> [TASK INSTRUCTIONS] In the listing below, start your output at the line with "Gri Utilizat 2002" and end it after the line with "Peugeot 5008", copying every line exactly.

> [GIVEN RECORDS]
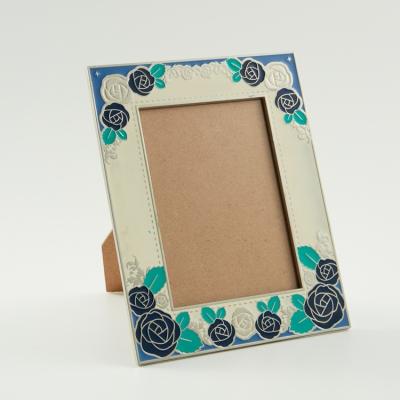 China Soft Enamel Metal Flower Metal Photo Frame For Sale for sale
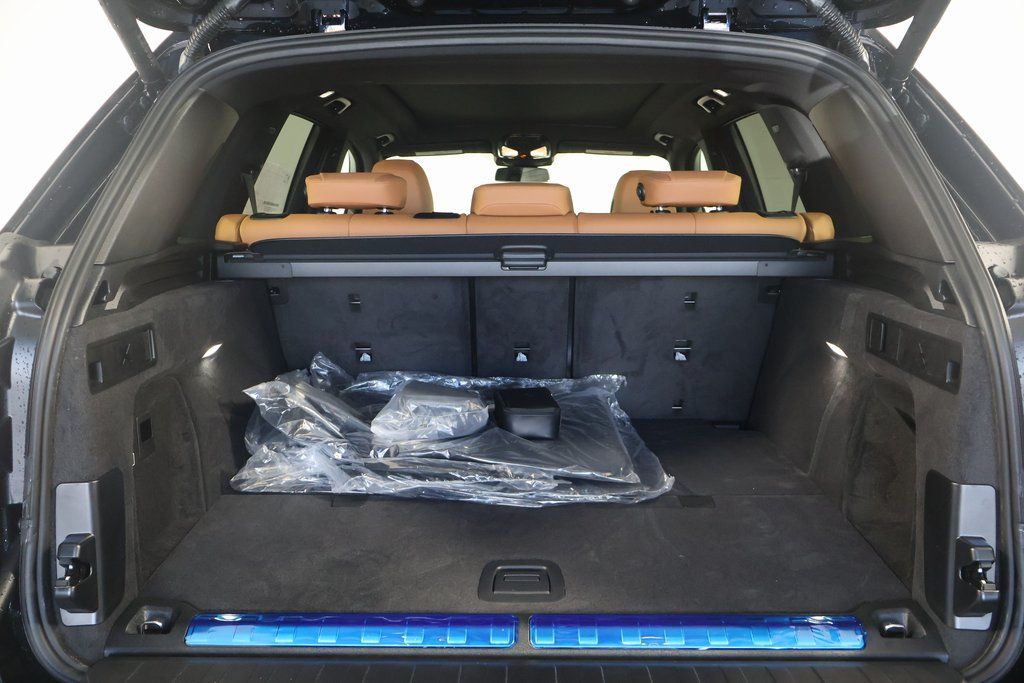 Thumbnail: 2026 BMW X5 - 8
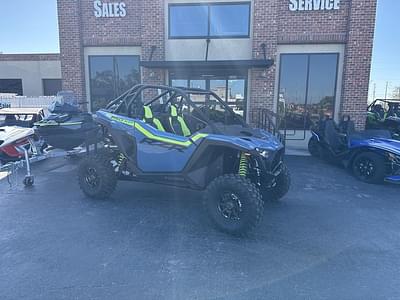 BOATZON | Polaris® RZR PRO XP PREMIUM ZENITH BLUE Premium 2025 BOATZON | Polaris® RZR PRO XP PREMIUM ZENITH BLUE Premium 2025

---

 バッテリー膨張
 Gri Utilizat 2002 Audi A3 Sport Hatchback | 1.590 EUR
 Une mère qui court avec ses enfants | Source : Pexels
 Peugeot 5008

> [COMPLETED TASK]
 Gri Utilizat 2002 Audi A3 Sport Hatchback | 1.590 EUR
 Une mère qui court avec ses enfants | Source : Pexels
 Peugeot 5008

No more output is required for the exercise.